Stored items
===============
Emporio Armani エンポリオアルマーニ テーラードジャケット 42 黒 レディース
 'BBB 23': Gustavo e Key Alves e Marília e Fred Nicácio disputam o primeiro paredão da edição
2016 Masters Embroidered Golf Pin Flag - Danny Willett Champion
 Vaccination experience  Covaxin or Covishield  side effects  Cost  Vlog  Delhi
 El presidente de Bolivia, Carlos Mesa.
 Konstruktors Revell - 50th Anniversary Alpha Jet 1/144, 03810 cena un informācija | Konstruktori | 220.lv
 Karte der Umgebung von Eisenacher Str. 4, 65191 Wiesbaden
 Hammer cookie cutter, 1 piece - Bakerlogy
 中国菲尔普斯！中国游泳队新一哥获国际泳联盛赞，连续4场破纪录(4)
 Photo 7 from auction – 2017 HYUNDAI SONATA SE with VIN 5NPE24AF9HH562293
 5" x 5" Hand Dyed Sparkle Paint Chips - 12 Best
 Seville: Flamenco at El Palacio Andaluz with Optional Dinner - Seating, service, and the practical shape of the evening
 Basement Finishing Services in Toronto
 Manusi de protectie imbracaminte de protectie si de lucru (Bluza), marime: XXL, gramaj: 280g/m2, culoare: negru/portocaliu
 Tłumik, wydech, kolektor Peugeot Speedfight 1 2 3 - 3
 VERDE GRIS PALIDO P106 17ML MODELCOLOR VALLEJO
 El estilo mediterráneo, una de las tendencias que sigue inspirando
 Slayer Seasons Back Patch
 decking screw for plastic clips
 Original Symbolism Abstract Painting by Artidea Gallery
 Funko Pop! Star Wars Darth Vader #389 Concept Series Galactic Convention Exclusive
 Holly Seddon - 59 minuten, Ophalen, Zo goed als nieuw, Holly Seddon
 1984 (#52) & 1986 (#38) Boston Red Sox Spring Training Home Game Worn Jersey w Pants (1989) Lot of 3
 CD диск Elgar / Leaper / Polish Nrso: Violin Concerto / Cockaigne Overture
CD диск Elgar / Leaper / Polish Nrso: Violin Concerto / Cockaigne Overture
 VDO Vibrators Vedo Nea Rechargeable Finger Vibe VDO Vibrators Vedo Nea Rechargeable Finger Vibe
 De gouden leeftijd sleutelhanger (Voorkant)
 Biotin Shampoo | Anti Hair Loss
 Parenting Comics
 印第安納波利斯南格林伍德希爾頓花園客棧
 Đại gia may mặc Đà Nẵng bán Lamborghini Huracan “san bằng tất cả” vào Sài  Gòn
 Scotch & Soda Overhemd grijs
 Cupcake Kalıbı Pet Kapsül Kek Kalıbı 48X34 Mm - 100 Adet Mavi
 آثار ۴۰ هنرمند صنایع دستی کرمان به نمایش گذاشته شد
===============
Your answer consists solely of the lines from the top of the records above through the line that contains "Chips - 12 Best", each echoed exactly.

◆ Expected output
Emporio Armani エンポリオアルマーニ テーラードジャケット 42 黒 レディース
 'BBB 23': Gustavo e Key Alves e Marília e Fred Nicácio disputam o primeiro paredão da edição
2016 Masters Embroidered Golf Pin Flag - Danny Willett Champion
 Vaccination experience  Covaxin or Covishield  side effects  Cost  Vlog  Delhi
 El presidente de Bolivia, Carlos Mesa.
 Konstruktors Revell - 50th Anniversary Alpha Jet 1/144, 03810 cena un informācija | Konstruktori | 220.lv
 Karte der Umgebung von Eisenacher Str. 4, 65191 Wiesbaden
 Hammer cookie cutter, 1 piece - Bakerlogy
 中国菲尔普斯！中国游泳队新一哥获国际泳联盛赞，连续4场破纪录(4)
 Photo 7 from auction – 2017 HYUNDAI SONATA SE with VIN 5NPE24AF9HH562293
 5" x 5" Hand Dyed Sparkle Paint Chips - 12 Best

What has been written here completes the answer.